El Universal, 6 de noviembre de 2012
Esta variedad de ceremonias y rituales, que tienen lugar alrededor de las festividades de Todos los Santos y de los Fieles Difuntos, refleja las múltiples variantes en que el ser humano se relaciona con la muerte y con los muertos, y da cuenta también de la importancia que se concede al fallecer como parte de la vida misma. Sin embargo, más allá de la loable intención de venerar la memoria de los difuntos, de reconocer , como es el caso de México, la importancia de los ancestros como la raíz que unifica y confiere identidad, resulta decisivo enfatizar la importancia que tiene el duelo para superar el deceso de un ser querido.

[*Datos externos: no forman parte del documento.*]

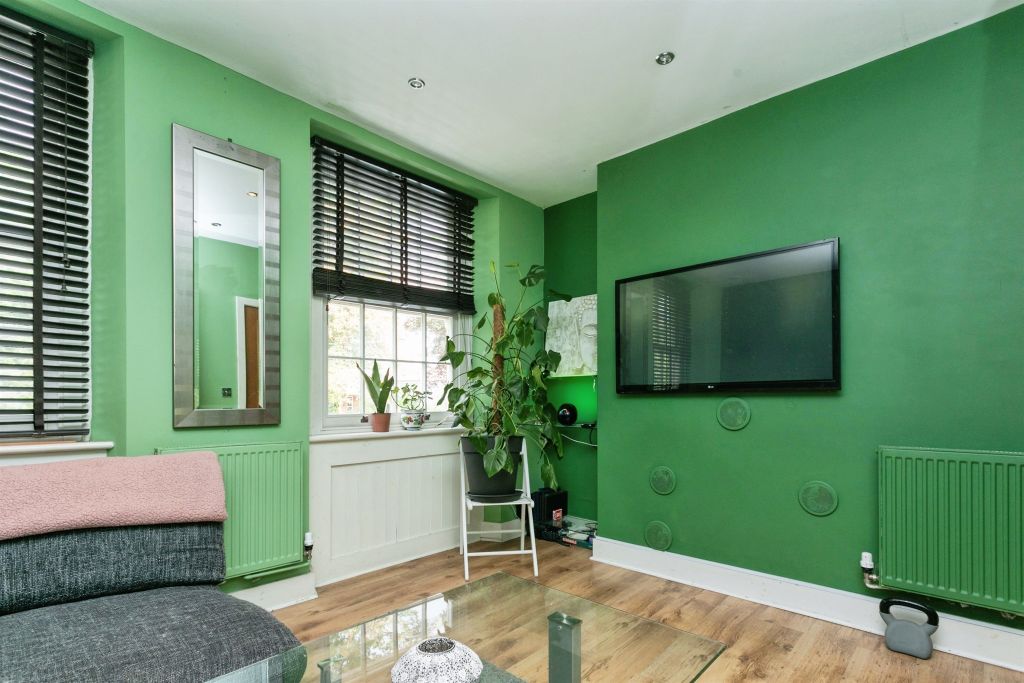 Additional image 3 of 3 bed flat for saleWest Street, Buckingham MK18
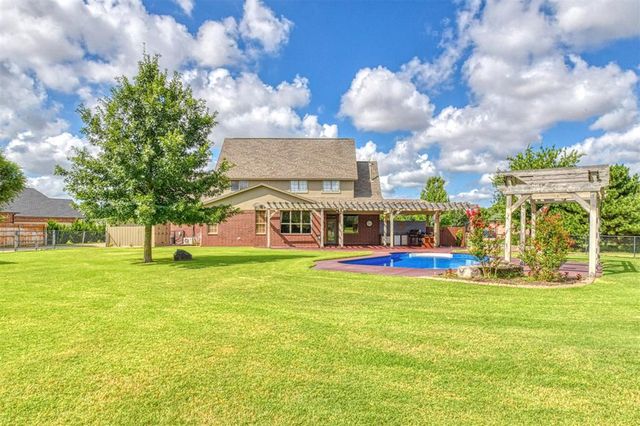 3853 Deer Brook Trail, Piedmont, OK 73078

Aunque en el primer momento puede parecer imposible recuperarse de la pérdida, paulatinamente el dolor cede. Este proceso puede prolongarse más o menos, dependiendo de diversas circunstancias.

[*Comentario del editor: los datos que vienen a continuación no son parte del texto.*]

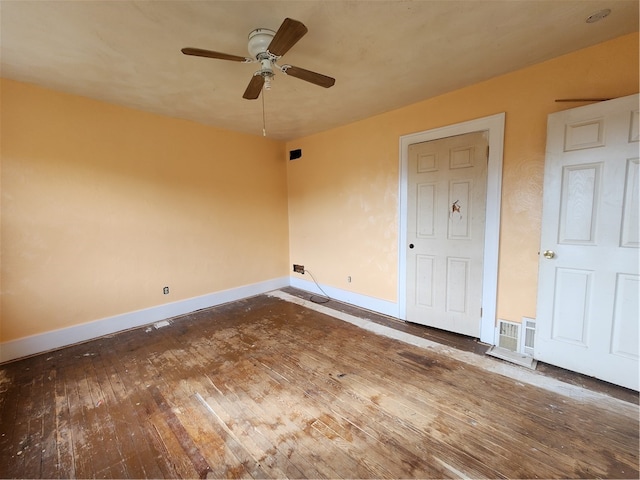 spare room featuring dark wood-type flooring and ceiling fan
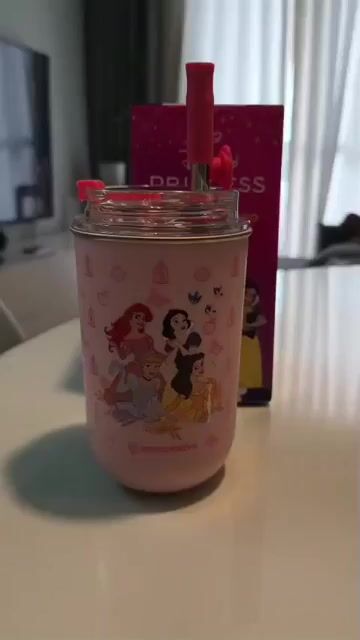 Vídeo de Copo Neo com Canudo Princesas Disney - 300 ML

Hasta no hace mucho, el luto se entendía como una manifestación del decoro que, por una parte, evidenciaba ante los ojos de terceros del afecto que se profesaba al difunto y, por otra, procuraba conservar ese estado de melancolía propio de cuando se ha experimentado una pérdida recientemente. Así, el doliente comunicaba su situación a quienes le rodeaban a través de sus vestiduras, con lo que se prevenía a las personas del entorno acerca de su vulnerabilidad y se llamaba a que le trataran con cierta consideración.

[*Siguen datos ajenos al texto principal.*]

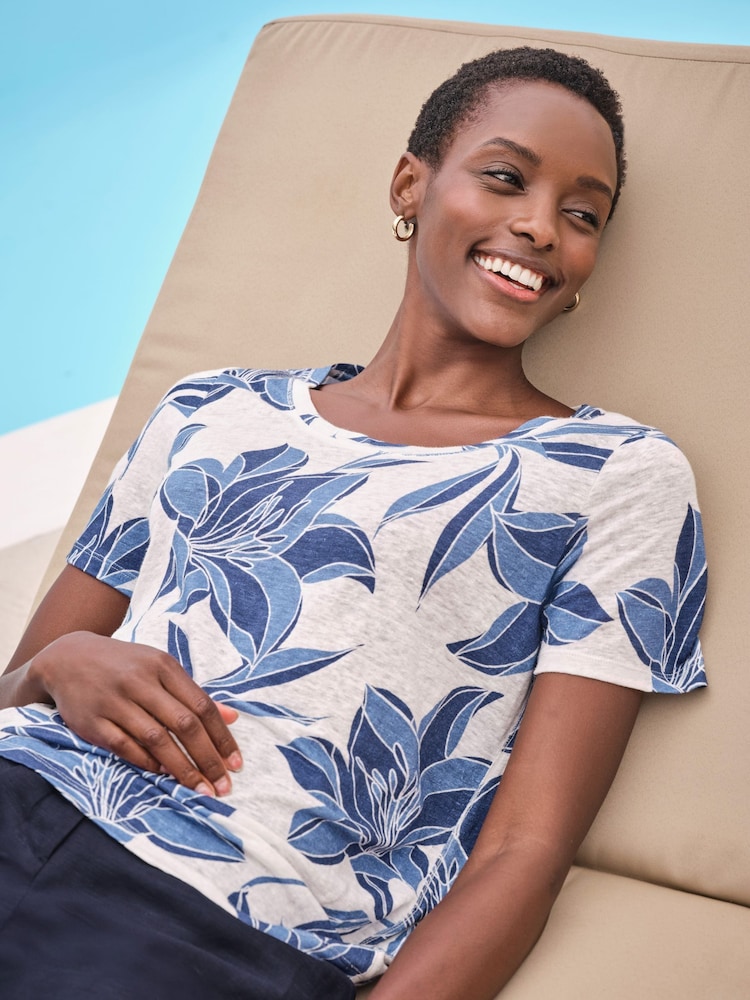 Pure Collection 100% Linen Short Sleeve Round Neck T-Shirt - Image 3 of 3 Pure Collection 100% Linen Short Sleeve Round Neck T-Shirt - Image 3 of 3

La primera reacción es la negación, la incredulidad, como una forma de no asumir la separación y de resistirse a aceptar que la persona no volverá, pero una adecuada elaboración del duelo (el proceso que transcurre desde que la pérdida se produce hasta que se supera) requiere que la persona tome contacto con sus sentimientos.
Quizá algunas ideas podrían ayudar a pasar por este proceso: la conciencia de que superar el dolor no significa dejar de querer a la persona que se ha marchado; el comprender que ser capaz de disfrutar de algunas cosas no supone que se le extrañe menos ni constituye una especie de "traición" que deba generar sentimientos de culpa; el asumir que es irreal pretender que no esté allí ese vacío, pero que se puede aprender a vivir con él. Y, sobre todo, el ir recuperando la alegría y la gratitud por los buenos momentos compartidos, perpetuando en cierto modo la permanencia de esa persona a nuestro lado a través de sus enseñanzas y de los sentimientos que, aun ausente, sigue encendiendo entre nosotros.